- Gog, as he appeared on the cover to Justice Society of America (vol. 3) #16 (June 2008), art by Alex Ross.

Publication information
- Publisher: DC Comics
- First appearance: New Year's Evil: Gog #1 (February 1998)
- Created by: Mark Waid Jerry Ordway

In-story information
- Alter ego: William Matthews
- Species: Old God
- Place of origin: Urgrund
- Team affiliations: Gog Church of Superman
- Abilities: Superhuman strength; Superhuman speed; Superhuman stamina; Invulnerability; Flight; Teleportation; Size alteration; Self-duplication; Accelerated healing factor; Space/time travel; Matter and energy manipulation; Grant temporary superpowers to others; Manipulate reality at will;

= Gog (DC Comics) =

DC Comics character

Gog is the name of several characters in the comics published by DC Comics. The first version first appeared in New Year's Evil: Gog #1 (February 1998), and was created by Mark Waid and Jerry Ordway.

==Fictional character biography==
===Kingdom Come===

Gog, as he appeared on the cover of The Kingdom #1 (December 1998), art by Ariel Olivetti and Dennis Calero..

The first version of Gog is William, the sole survivor of a nuclear disaster in Kansas that was caused by Parasite injuring Captain Atom. Believing in Superman as a savior, William creates a church dedicated to his philosophy as he tries to find meaning in the cataclysm that had taken place, believing that it was Superman's will that Earth be punished for forsaking him. One day, Superman visits William and tells him that he is not the omnipotent, perfect being that William thought he was, shattering William's world view and mentally unbalancing him. When the Quintessence (Shazam, Ganthet, Zeus, Highfather, and Phantom Stranger) invest him with a portion of their power, William, now known as Gog, blames Superman for his misfortune, believing him to be the Anti-Christ who had allowed the Kansas disaster to take place to regain his standing in the world.

Using his newfound powers, Gog repeatedly kills Superman, undoing his death via time travel. Gog's actions expose the existence of Hypertime, a construct similar to the Multiverse. Gog had unknowingly traveled between timelines, killing a different version of Superman each time. Hypertime's guardian (the son of the Kingdom Come Superman and Wonder Woman) recruits Rip Hunter to stop Gog, as the other members of the Quintessence refuse to interfere.
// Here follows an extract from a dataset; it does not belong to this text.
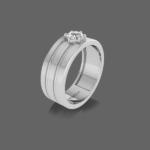 Thor Diamond Ring For Men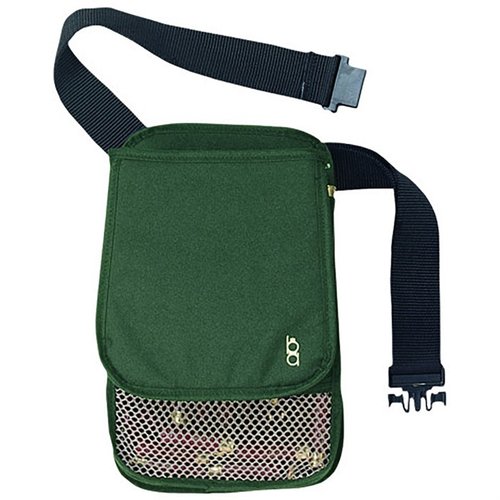 La BOB ALLEN CLASSIC SERIES COMBO SHELL POUCH è realizzata in nylon resistente all'acqua, con scomparti per cartucce e una cintura regolabile da 26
Hunter and his allies wound Gog, with Batman using a Phantom Zone projector to partially send Gog into the Zone. Gog fights back, knocking the heroes down as he collapses in a weakened state. Unable to move from the force of the attack, Superman is convinced to fight back by the future Wonder Woman, who told him of the destruction of Kansas and how it happened as a result of him abandoning his fight for truth and justice following the death of Lois Lane. Refusing to allow those events to occur in his life, Superman charges at Gog, sending both of them and everyone else present into Hypertime. Gog is then returned to the future by Hunter and the future versions of Superman, Batman, and Wonder Woman.

===William Matthews===
A second version of Gog with a different origin appeared several years later in DC continuity. This version of Gog is William Matthews, a survivor of Imperiex's attack on Topeka, Kansas. He was saved by Superman, but Superman was unable to rescue the boy's parents. Desperate to fix what had gone wrong, Gog grew up researching the science of time travel in an effort to go back in time and rescue his family.
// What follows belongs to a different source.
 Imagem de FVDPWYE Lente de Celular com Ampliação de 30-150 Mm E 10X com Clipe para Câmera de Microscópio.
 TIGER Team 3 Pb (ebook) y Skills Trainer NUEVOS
Eventually, he succeeds in his efforts at creating a time machine, but his first prototype is unable to travel far enough back. He refines the time machine for over 200 thousand years, making it more and more powerful and using the technology to give himself superpowers. He then gives his research and advanced technology to younger versions of himself, which gives him more power due to rewriting history over and over. Realizing that he could not save his parents due to a temporal paradox (the death of his parents triggered the creation of his powers), his desire grows from saving his parents to punishing Superman for their deaths.
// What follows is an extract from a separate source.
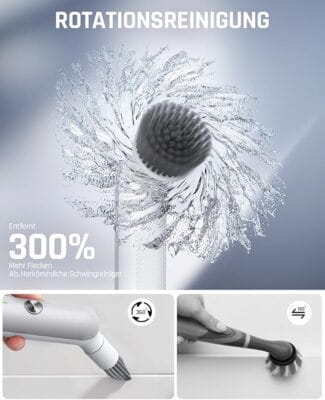 Fanttik G9 Nano Rotationsbürste - 35% Rabatt 2 Fanttik G9 Nano Rotationsbürste Reinigungsbürste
==== Thy Kingdom Come ====
A reimagined version of William Matthews appears in the series Justice Society of America. This version is a priest named William Matthews who received his powers from an underground citadel in Africa and took the name Gog, which was the name of the last surviving god of the Third World. When the Justice Society follow him back to the citadel, his body is absorbed by a stone face on a wall. The stone face rises, becoming a massive stone man adorned in gold who claims to be the one, true Gog.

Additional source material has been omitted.